AWKA — A CHIEFTAIN of  Ohanaeze Ndigbo, Prince Chukwuemeka Onyesoh, has said that the convocation of a national conference for all the ethnic nationalities in Nigeria would be the solution to the lingering mistrust among Nigerians.

He said the conference became necessary because the framers of the 1999 constitution did not envisage the present problem in the country.

Onyesoh, who is the president of Front Against Impunity, a non governmental organization, NGO, said in a statement in Awka yesterday that he was totally in support of the call by Igbo Delegates Assembly (IDA) for the country to convene a National Ethnic Conference as a way of solving the problem posed by Boko Haram members.

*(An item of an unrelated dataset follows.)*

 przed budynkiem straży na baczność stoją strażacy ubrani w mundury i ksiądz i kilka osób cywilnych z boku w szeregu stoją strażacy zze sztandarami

He said:  “Nigeria has remained a fractured entity since these ethnic killings commenced way back in 1945. Having lived and worked in most Northern cities all their life, members of IDA understand better than most other Nigerians the burden and risks on non-Northerners living and working there.

“They are the ones who get killed and their properties looted or burnt  in the serial riots dating from the Jos riots of 1945 and 1953 to the present ones in  Kano and other places.”

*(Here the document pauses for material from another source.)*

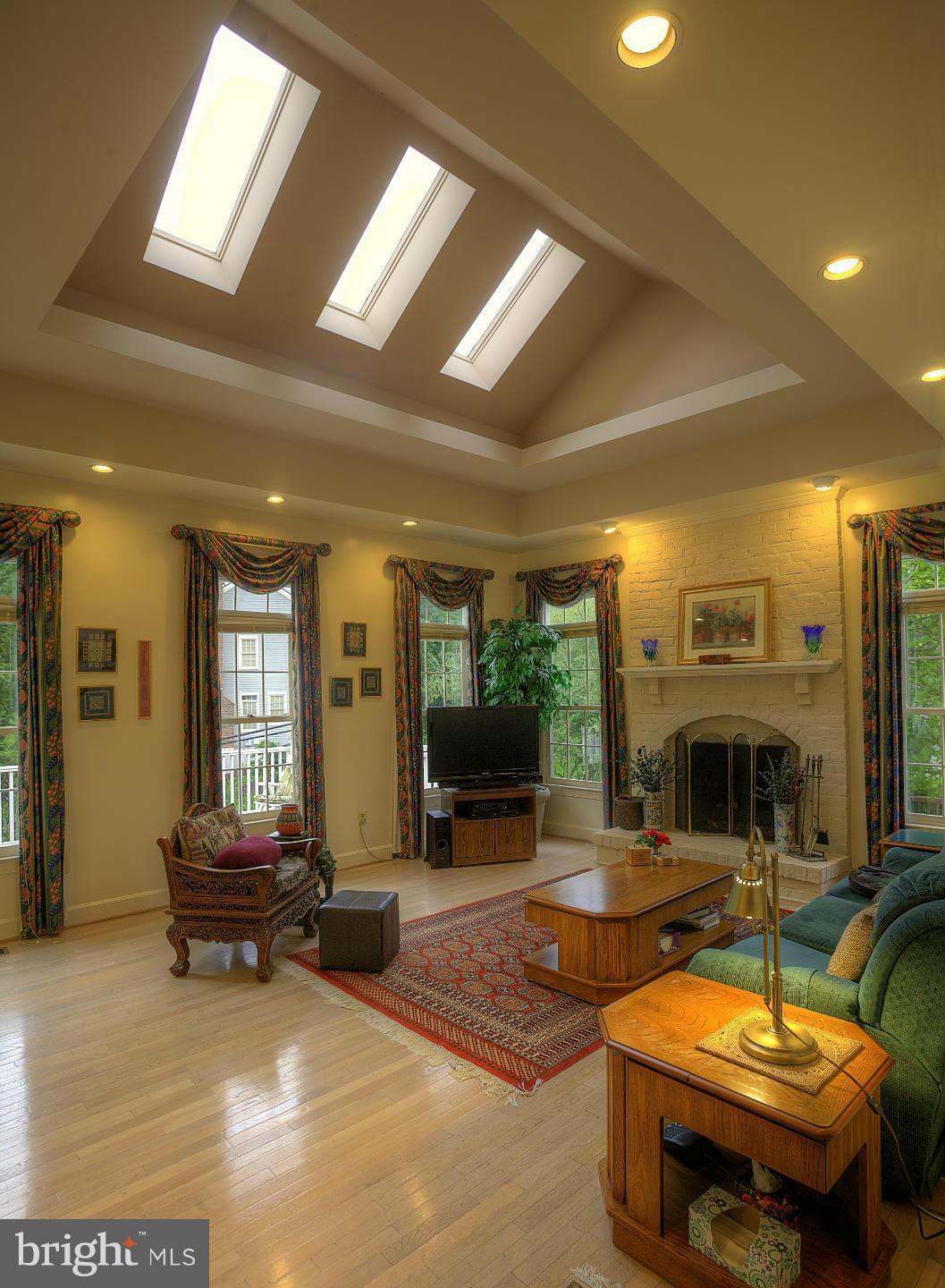 8154 Ridge Creek Way Springfield, VA 22153 - Photo 8 of 30 Family Room with gas fireplace & skylights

According to him, Nigerians should not continue to shy away from holding a conference to determine their stake in the Nigerian project.

Onyesoh added that the outcome of the conference would safeguard the various ethnic nationalities residing outside their areas.

He Ohanaeze chieftain said he was aware that given the chance, most Northern Muslims would prefer Nigeria to be declared a Muslim state with full blown Sharia, even though at Independence, the North accepted the secularity of the Nigerian state in order to belong to it.

He also said that it was open secret that most Muslim Northern Nigerian politicians had openly or secretly over-worked themselves to subvert the secular aspect of Nigeria as most riots in Northern Nigeria since 1960 had resulted from  that subversive effort to force other Nigerians to become Muslims.

He argued that the much talked about granting amnesty for Boko Haram insurgents and canvassing for dialogue and payment of compensation/rehabilitation for the terrorists, were aimed at Islamizing Nigeria.

He lamented that majority of Nigerian political and business elite were joining in the plea to placate Boko Haram insurgents because of their fear for the disruption of their business empires and political positions.